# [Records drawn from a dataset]

# # # #

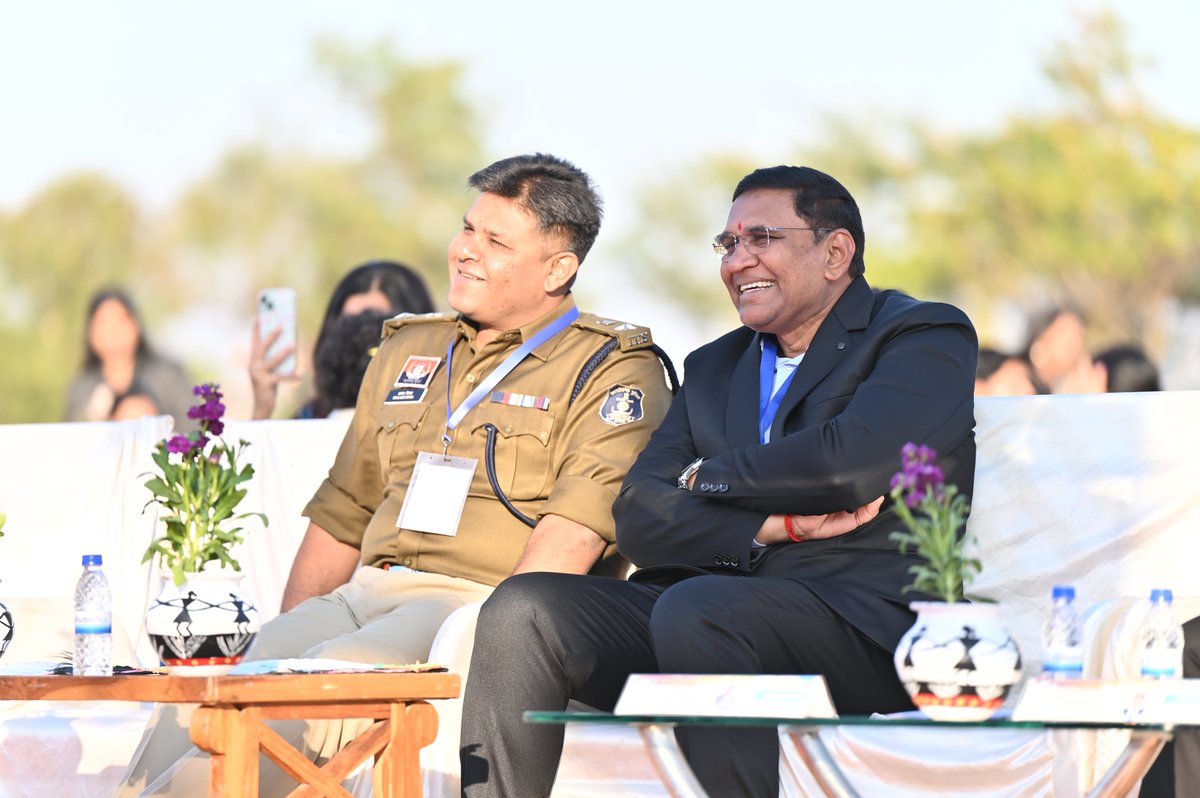 iamdmkrishna's tweet photo. It was wonderful to witness the Reflections 2025-26 - 3rd Annual Day celebrations of Krishna Vikash Next Gen School and Krishna Vikash Next Gen Kidz School, Jagdalpur.
#krishnavikash #kvgi #krishnavikashjagdallpur #annualday https://t.co/bo18v9cKjc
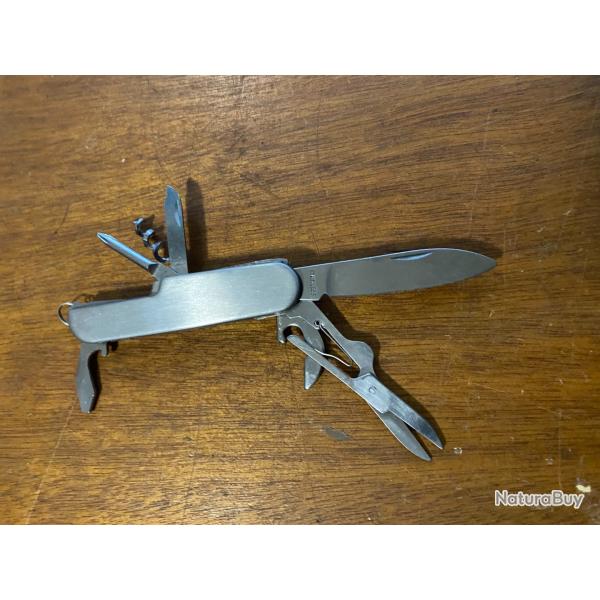 COUTEAU  MULTI FONCTIONS 2025  n   .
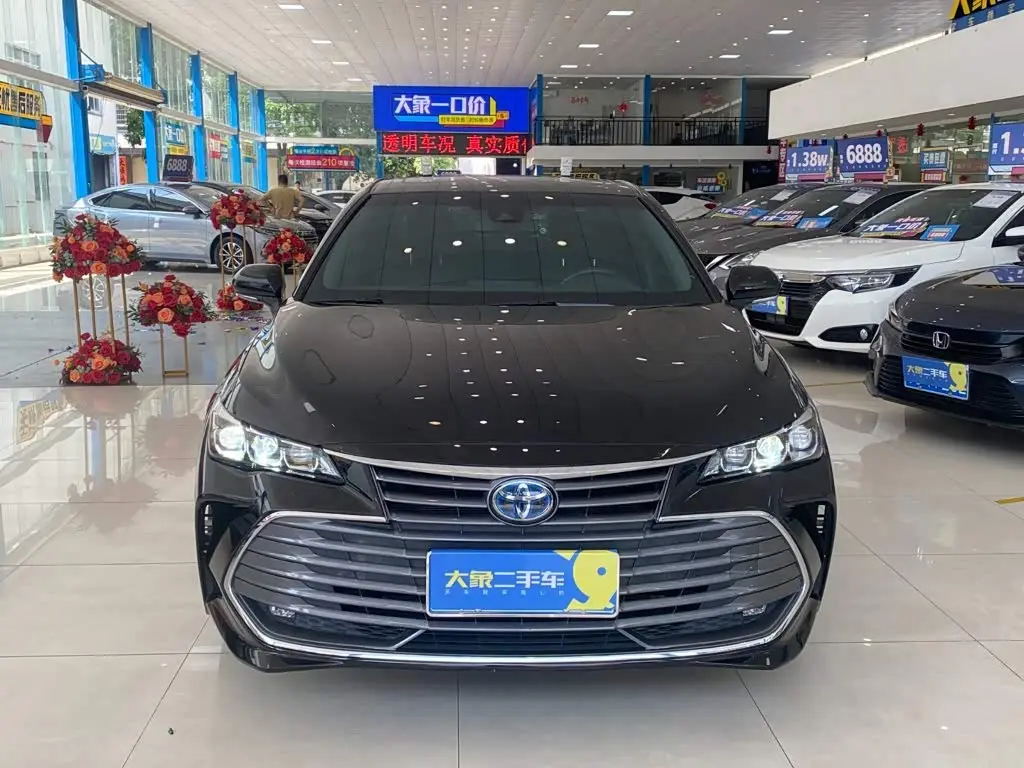 Toyota Avalon 2021 — Photo 2/16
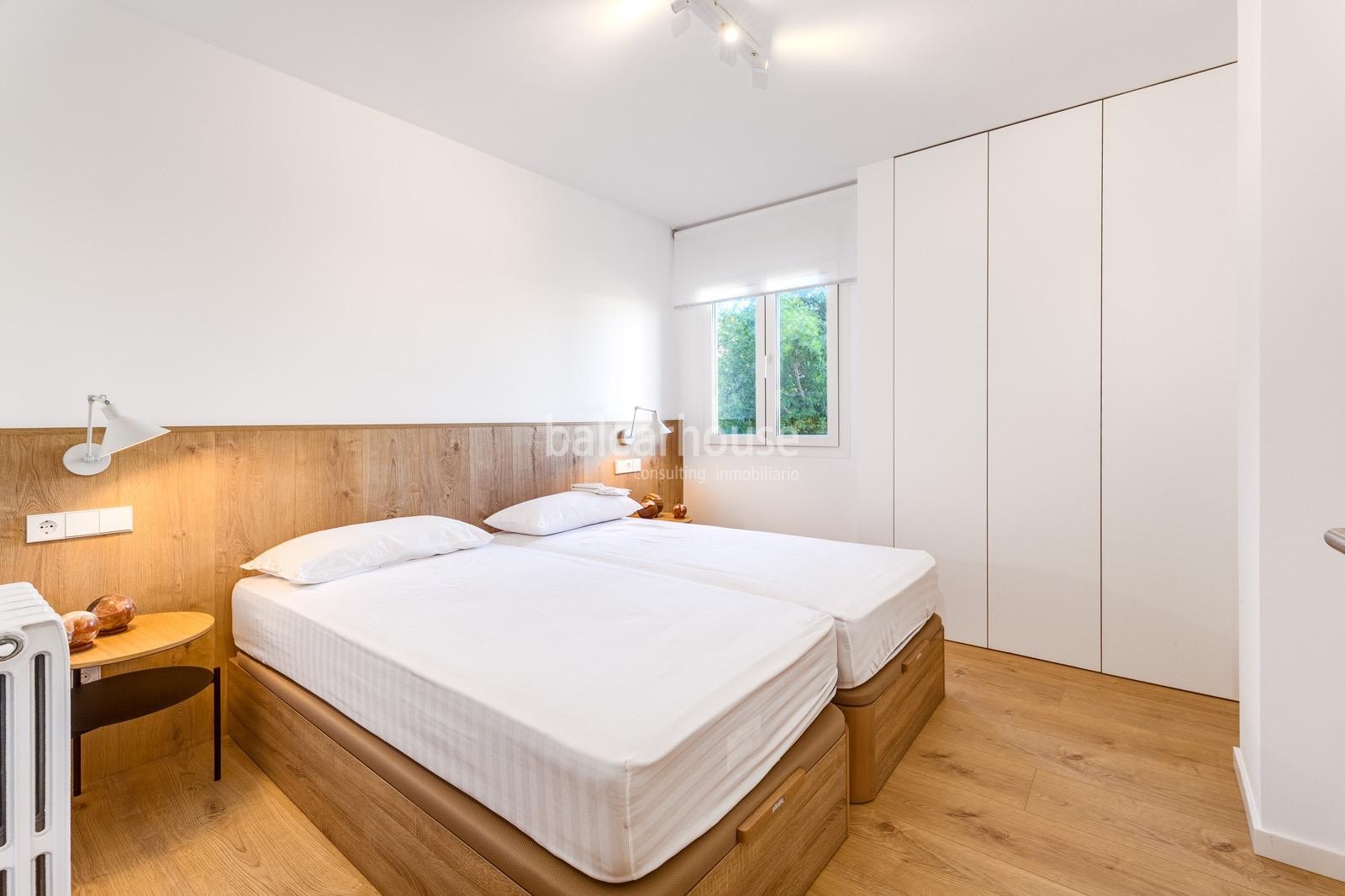 Excellent modern flat with stunning sea views and direct access to beautiful beaches.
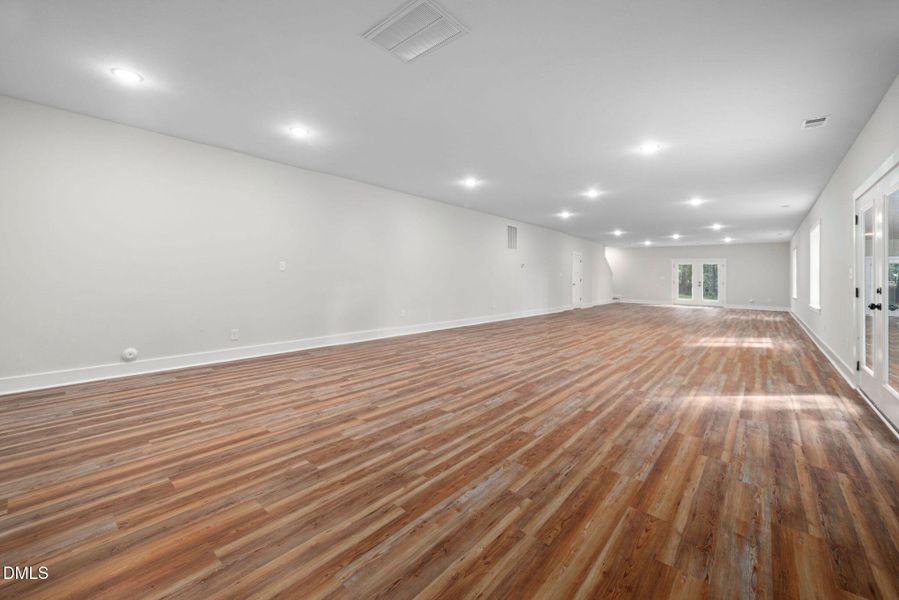 48-web-or-mls-139-clear-water-rd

# # # #

# [What needs to be done]
Your task is to set down every entry exactly, leaving out any picture it contains.

# [Task result]
 iamdmkrishna's tweet photo. It was wonderful to witness the Reflections 2025-26 - 3rd Annual Day celebrations of Krishna Vikash Next Gen School and Krishna Vikash Next Gen Kidz School, Jagdalpur.
#krishnavikash #kvgi #krishnavikashjagdallpur #annualday https://t.co/bo18v9cKjc
 COUTEAU  MULTI FONCTIONS 2025  n   .
 Toyota Avalon 2021 — Photo 2/16
 Excellent modern flat with stunning sea views and direct access to beautiful beaches.
 48-web-or-mls-139-clear-water-rd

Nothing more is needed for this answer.